The Common Reporting Standard (hereafter “CRS”) is a regulation initiated by the OECD, aiming at preventing tax evasion and leading to a global automatic exchange of information between CRS-participating jurisdictions. A CRS participating jurisdiction (or “CRS jurisdiction”, is a country that agreed to implement the CRS). A reporting jurisdiction (or "CRS-IN jurisdiction") is a state to which CRS reporting is performed.

The CRS has been implemented at European Union level through the Directive on Administrative Cooperation (Directive 2014/107/UE), known as “DAC 2”. Relationship with non-EU countries are ruled by mean of multilateral agreements called “Competent Authority Agreement”.

The CRS requires financial institutions to report financial accounts held, directly or indirectly, by account holders that are tax residents in a CRS-IN jurisdiction.

For further information please consult the OECD website 

Luxembourg, as an EU Member State, has transposed DAC 2 into Luxembourg legislation by the law of 18 December 2015 on the Common Reporting Standard.
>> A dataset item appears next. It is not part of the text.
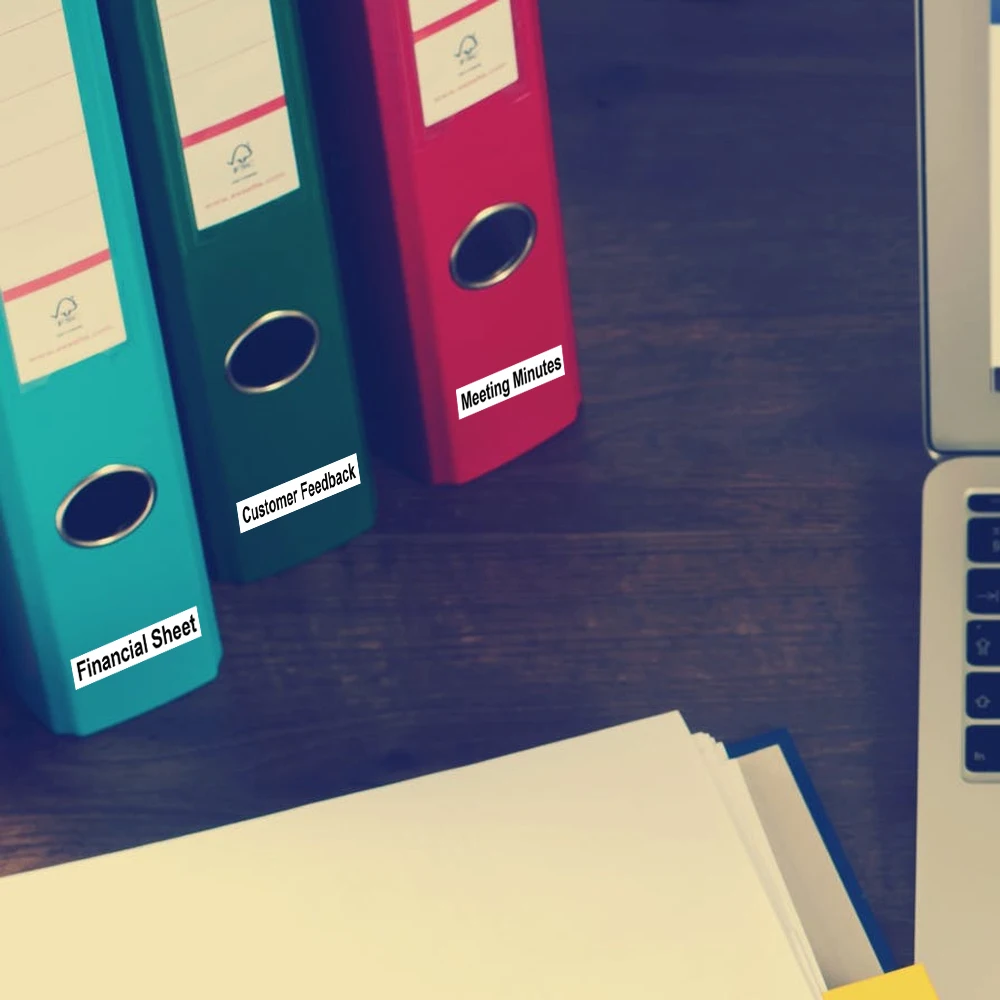 Гибкая идентификационная лента совместимая с принтером Brother P Touch 3 шт./лот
As a consequence, Luxemburg Financial Institutions must report information collected to the local tax authority (Administration des Contributions Directes) that will in turn forward the information to the tax authorities of the account holder’s countries of tax residence(s) to the extent that it is a CRS-IN jurisdiction.

The CRS regulation applies to all financial institutions located in a CRS-IN jurisdiction and requires these institutions to identify whether its customers are deferrable. CRS applies to both individuals and entities.
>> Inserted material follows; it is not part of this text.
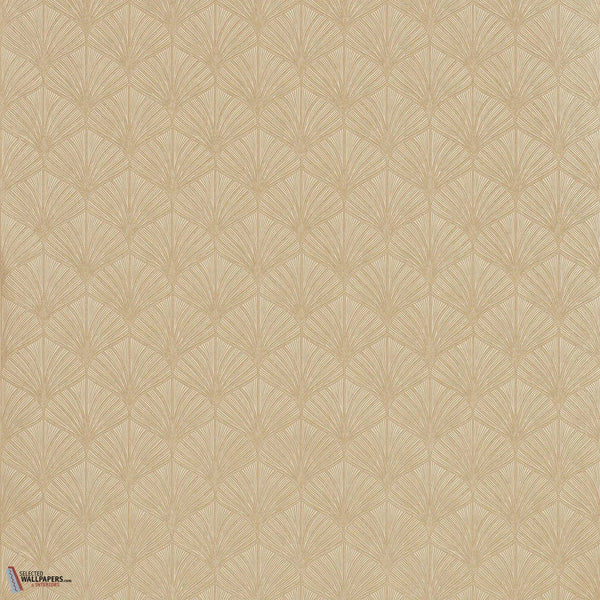 Nereides wallpaper-Casamance-Marron Glace/Dore-Roll-Selected-Wallpapers-Interiors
For the purpose of identifying CRS-jurisdiction residents, Financial Institutions are required to obtain self-certifications from their accounts holders. Among others, self-certifications information must include the country(ies) of tax residence and the tax identification number(s).

CRS requires Financial Institutions to:

  1. Identify the tax residence of its clients on the basis of the information in its possession and in particular via the self-certification duly completed (including the Tax Identification Number (TIN)) and signed by the client, accompanied by corroborating documents.
  2. Communicate information about:
  • Identity (name, first name, address and Tax Identification Number) and identification information of the person with a tax residence in a CRS-IN jurisdiction
  • Their account(s) and account balance as of December 31 of the year reported
  • Financial income, including sales proceeds received during the year reported

For new customers, and in accordance with regulatory obligations, ING Luxembourg is obliged to collect from the customer a signed self-certification of tax residence and Tax Identification Number. Without this information, ING is not authorized to open a bank account.

For pre-existing customers, and in accordance with regulatory obligations, ING Luxembourg may require a self-certification including the tax residence and the Tax Identification Number of the customer. As a consequence, undocumented account holder information will be reported to the relevant tax authorities.